Re: [RFCv2 1/3] iomap: Move creation of iomap_page early in __iomap_write_begin

"Ritesh Harjani (IBM)" <ritesh.list@xxxxxxxxx> · Wed, 1 Feb 2023 01:30:20 +0530

On 23/01/31 06:48PM, Matthew Wilcox wrote:
> On Wed, Feb 01, 2023 at 12:07:25AM +0530, Ritesh Harjani (IBM) wrote:
> > On 23/01/30 09:00PM, Matthew Wilcox wrote:
> > > On Tue, Jan 31, 2023 at 01:51:50AM +0530, Ritesh Harjani (IBM) wrote:
> > > > > > Thus the iop structure will only gets allocated at the time of writeback
> > > > > > in iomap_writepage_map(). This I think, was a not problem till now since
> > > > > > we anyway only track uptodate status in iop (no support of tracking
> > > > > > dirty bitmap status which later patches will add), and we also end up
> > > > > > setting all the bits in iomap_page_create(), if the page is uptodate.
> > > > >
> > > > > delayed iop allocation is a feature and not a bug.  We might have to
> > > > > refine the criteria for sub-page dirty tracking, but in general having
> > > > > the iop allocates is a memory and performance overhead and should be
> > > > > avoided as much as possible.  In fact I still have some unfinished
> > > > > work to allocate it even more lazily.
> > > >
> > > > So, what I meant here was that the commit[1] chaged the behavior/functionality
> > > > without indenting to. I agree it's not a bug.
> > >
> > > It didn't change the behaviour or functionality.  It broke your patches,
> > > but it certainly doesn't deserve its own commit reverting it -- because
> > > it's not wrong.
> > >
> > > > But when I added dirty bitmap tracking support, I couldn't understand for
> > > > sometime on why were we allocating iop only at the time of writeback.
> > > > And it was due to a small line change which somehow slipped into this commit [1].
> > > > Hence I made this as a seperate patch so that it doesn't slip through again w/o
> > > > getting noticed/review.
> > >
> > > It didn't "slip through".  It was intended.
> > >
> > > > Thanks for the info on the lazy allocation work.
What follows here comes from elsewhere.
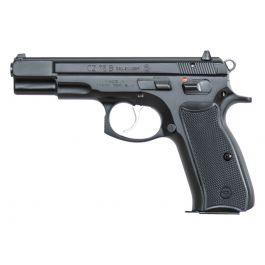 Image of CZ 75B 9mm 4.6" Pistol, Black - 91102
Yes, though it is not a bug, but
> > > > with subpage dirty tracking in iop->state[], if we end up allocating iop only
> > > > at the time of writeback, than that might cause some performance degradation
> > > > compared to, if we allocat iop at ->write_begin() and mark the required dirty
> > > > bit ranges in ->write_end(). Like how we do in this patch series.
> > > > (Ofcourse it is true only for bs < ps use case).
> > > >
> > > > [1]: https://lore.kernel.org/all/20220623175157.1715274-5-shr@xxxxxx/
> > >
> > > You absolutely can allocate it in iomap_write_begin, but you can avoid
> > > allocating it until writeback time if (pos, len) entirely overlap the
> > > folio.  ie:
> > >
> > > 	if (pos > folio_pos(folio) ||
> > > 	    pos + len < folio_pos(folio) + folio_size(folio))
> > > 		iop = iomap_page_create(iter->inode, folio, iter->flags, false);
> >
> > Thanks for the suggestion. However do you think it will be better if this is
> > introduced along with lazy allocation changes which Christoph was mentioning
> > about?
> > Why I am thinking that is because, with above approach we delay the allocation
> > of iop until writeback, for entire folio overlap case. But then later
> > in __iomap_write_begin(), we require iop if folio is not uptodate.
> > Hence we again will have to do some checks to see if the iop is not allocated
> > then allocate it (which is for entire folio overlap case).
> > That somehow looked like an overkill for a very little gain in the context of
> > this patch series. Kindly let me know your thoughts on this.
>
> Look at *why* __iomap_write_begin() allocates an iop.  It's to read in the
> blocks which are going to be partially-overwritten by the write.  If the
> write overlaps the entire folio, there are no parts which need to be read
> in, and we can simply return.

Yes that make sense.

> Maybe we should make that more obvious:

Yes, I think this maybe required. Because otherwise we might end up using
uninitialized iop. generic/156 (funshare), can easily trigger that.
Will spend sometime on the unshare path of iomap.

>
> 	if (folio_test_uptodate(folio))
> 		return 0;
> 	if (pos <= folio_pos(folio) &&
> 	    pos + len >= folio_pos(folio) + folio_size(folio))
> 		return 0;
> 	folio_clear_error(folio);
>
> (I think pos must always be >= folio_pos(), so that <= could be ==, but
> it doesn't hurt anything to use <=)

Thanks for sharing this.

-ritesh